– Originally written by Paul Taylor, Business Development Director, Industrial Services at TÜV SÜD –
The increasing prevalence of cyber-physical systems has a significant impact on industries worldwide. For manufacturers deploying such machines this new connectivity also translates into a shift in the risk landscape, as cyberattacks become more prevalent.
A security breach involving a connected industrial application can put an entire facility at risk and the consequences for operations, people and equipment can be devastating. Against this backdrop, suppliers and system integrators must optimise the cyber resilience of their components and systems by improving their development, integration and support processes.
As cyber security vulnerabilities can appear throughout the component or system lifecycle, it is necessary to plan ahead and implement security from the onset. From specification, to design, production and support, component suppliers must therefore consider how the cyber resilience of a connected device can be optimised for its entire lifespan.
Further down the line, the system integrator must take the possible threats of the automated solution into account. Suppliers and integrators are also required to mitigate risk, even when the prospective configuration and the potential threats are still largely unknown.
Furthermore, full transparency from them is necessary for machinery end-users to place trust in the security capabilities of the products and solutions that they offer.
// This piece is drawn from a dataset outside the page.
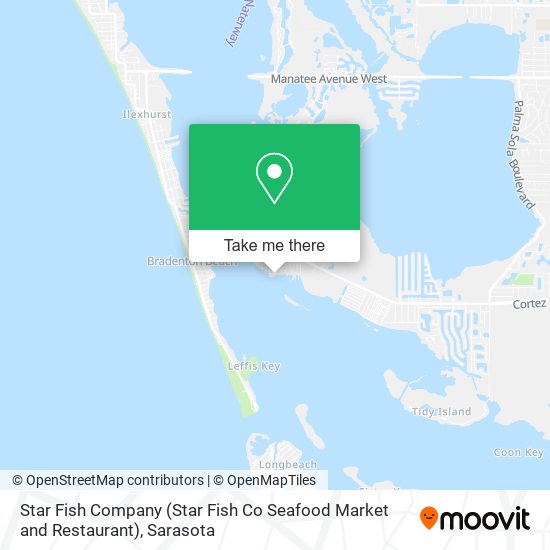 Star Fish Company (Star Fish Co Seafood Market and Restaurant) map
The international standard IEC-62443 ‘Security for Industrial Automation and Control Systems (IACS)’ holds the answer here, as it aims to mitigate risk for industrial communication networks by providing a structured approach to cybersecurity.
Originally developed for the IACS supply chain, it is a collection of multi-industry standards focused on cybersecurity protection methods and techniques. Consequently, the standard has become the leading industrial cybersecurity standard for all types of plants, facilities and systems across industries. The standard applies to component suppliers, system integrators and asset owners.
Through a set of defined process requirements, IEC-62443 ensures that all applicable industrial security aspects are addressed in a structured manner. This includes a systematic approach to cybersecurity throughout the stages of specification, integration, operation, maintenance and decommissioning.
Also, the standard foresees that processes are established to facilitate all necessary technical security functions. When adapted to the relevant project scope, IEC-62443 lays the foundations for cybersecurity robustness throughout the product and system lifetime.
The IEC-62443 standard addresses security processes along the complete supply chain. For example, product suppliers’ certification should be based on IEC-62443-4-1 “Product security development life-cycle requirements”.
This part of the standard applies to the supplier’s overall security programmes, and to the security processes connected to the development of the relevant component and control system.
Corresponding certifications are available to system integrators based on IEC-62443-2-4 “Security program requirements for IACS service providers”. In this case, the compliance of generic processes, as well as the compliance of security processes for a reference architecture or blueprint, can be verified.
During the certification process, the auditor executes a conformity assessment based on document reviews, interviews and on-site audits. When compliance with standard requirements has been confirmed, the certification concludes with the issuance of a report and a certification mark. An annual surveillance audit is required to maintain the validity of this certification.
Beside the generic process aspects during product development and system integration, the IEC-62443 standard also specifies technical security requirements for components and systems. These technical requirements are described in IEC-62443-4-2 and IEC-62443-3-3.
The assessment of both process and technical requirements are the basis for the certification of both components and systems.
By combining the strengths of the physical and virtual worlds, cyber-physical systems offer significant potential. While smart factories will see reduced risk in several areas, such as fewer worker injuries as machines take over hazardous tasks, the increasing number of physical and digital interfaces also introduces new vulnerabilities.
IEC-62443 provides a holistic approach to help mitigate these risks and provides increased assurance to the entire machinery supply chain.